(Listed entries):

────────────────────

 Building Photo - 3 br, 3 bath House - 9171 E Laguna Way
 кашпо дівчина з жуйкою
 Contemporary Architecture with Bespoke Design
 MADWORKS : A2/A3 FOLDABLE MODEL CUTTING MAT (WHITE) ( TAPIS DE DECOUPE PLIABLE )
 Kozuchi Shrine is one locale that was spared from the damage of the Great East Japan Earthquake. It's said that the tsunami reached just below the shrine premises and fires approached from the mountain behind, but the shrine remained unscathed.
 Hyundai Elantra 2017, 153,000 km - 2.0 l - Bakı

────────────────────

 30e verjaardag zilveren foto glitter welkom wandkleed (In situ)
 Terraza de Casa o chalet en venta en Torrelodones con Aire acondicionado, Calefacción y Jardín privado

────────────────────

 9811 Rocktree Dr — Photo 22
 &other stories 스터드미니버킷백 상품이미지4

────────────────────

(Your task): Once you find the line with "9811 Rocktree Dr — Photo 22" in the entries above, output it and each line after it up to and including the line with "stories 스터드미니버킷백 상품이미지4", and nothing else.

(Expected answer):
 9811 Rocktree Dr — Photo 22
 &other stories 스터드미니버킷백 상품이미지4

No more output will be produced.